Monday, January 31, 2011

A street called Hope

It's been an emotional time here at World of Hurt HQ. Peter and I have been trying to find a home to buy. We've been scouring the internet real estate pages for months, and many evenings after work, or saturdays have been spent looking at places to live. We have found a few places that we really liked, but have been out bid by people with more money to spend. And last weekend we visited a place that made our hearts race.

It's hard out there, as unless you have loads of cash to spend, you're very limited. After falling for this place, the estate agent told us that the owner had been made an offer just before christmas and it was turned down. We were horrified, as that offer was more than we could afford. He told us to make an offer anyway. He tried to get us to come in and sign a contract 'subject to finance', but we needed to check with our Credit Union. On monday I made an appointment to talk numbers, loans and repayments. And I was heartbroken, after we added stamp duty in, we realised that we would need to drop our price range even lower. The place we loved slipped through our hands.

It sent me in a spin. How would we ever afford anywhere? Would we be stuck renting a nice but small flat forever? I spoke to many people at work and I heard something funny. A colleague said she was listening to the radio that morning and heard Red Symonds say "what's the definition of a Collingwood supporter? Someone who can't afford to live in Collingwood". Funny, true and just a bit sad. It makes me wonder how these inner city suburbs which were slums in the past, where public housing buildings were commonplace as were houses for migrants, student sharehouses and drug addicts, have become sought after and out of the reach of the average person. In talking to another colleague, he wonders how is teenage sons will ever be able to afford their own homes in the future. It made me wondering if the 'great Australian dream of owning your own home' had now become a myth. Peter and I read an article in the paper about a pub in Coburg being renovated, and that with house prices soaring, the old suburbs were now becoming full of 'economic migrants'. We had found our label.

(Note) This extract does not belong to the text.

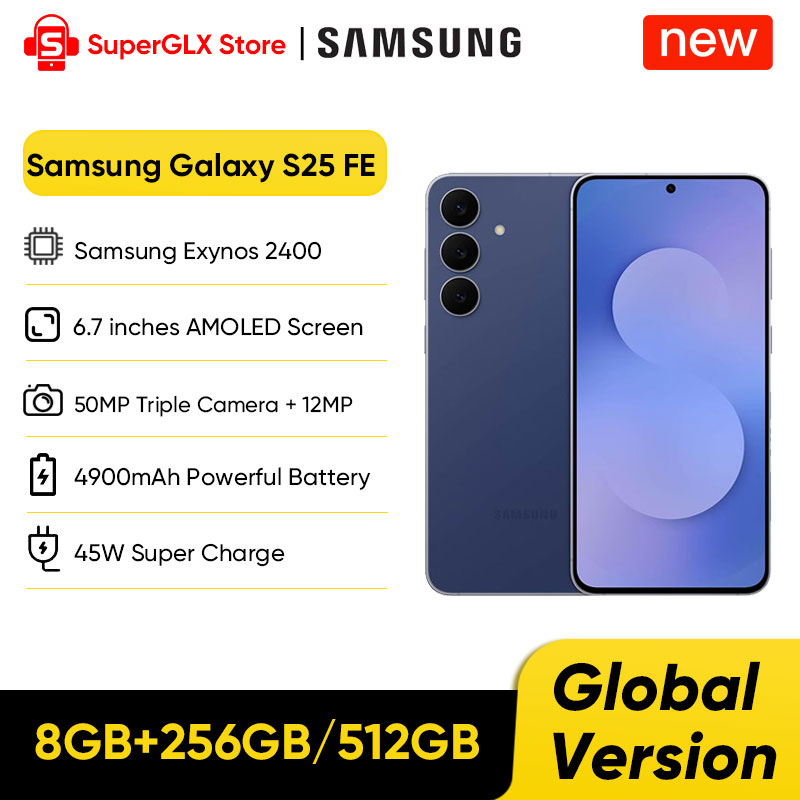 サムスン Galaxy S25 FE スマートフォン Exynos 2400 6.7インチ 120Hz AMOLED 4900mAh 45W急速充電対応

Were we just kidding ourselves? Peter and I don't want to borrow more money than we can afford to pay back - even though the credit union would happily lend us crazy amounts of money. The reality is, of course, that things like bills also need to be paid, and heaven forbid you should want a bit of a life too. So we now know exactly what our budget is. But it also meant a week of tears from me. I was just so depressed as all I could see was our options becoming more limited. I guess trying to juggle finding a home, with full time work and part time study and the limited few hours I get with Peter each weekend, made me wish we could find somewhere so we could have our lives back. Many people have joked that it becomes almost a full time job, trying to find a home.

Towards the end of last week, I was contacted by an agent I have become friendly with. She knows our budget and what we're looking for. She said she had somewhere for us to come and look at. And it made me realise something. I don't function very well when I don't have hope. I need to feel that things will get better, that things can be achieved, that there are possibilities. And last week all that left me and was replaced by exhaustion and sadness. But the tears have dried and things are slowly taking steps forward again. The search continues and maybe there will be a home for us. Peter and I have rented this flat for almost 18 months. It is in Hope Street. When I found it, we thought how prophetic it was. We laughed even more when we saw the sign out the front for the body corporate - managed by E.J. Love. Hope and Love in one location seemed like a good place for us to start.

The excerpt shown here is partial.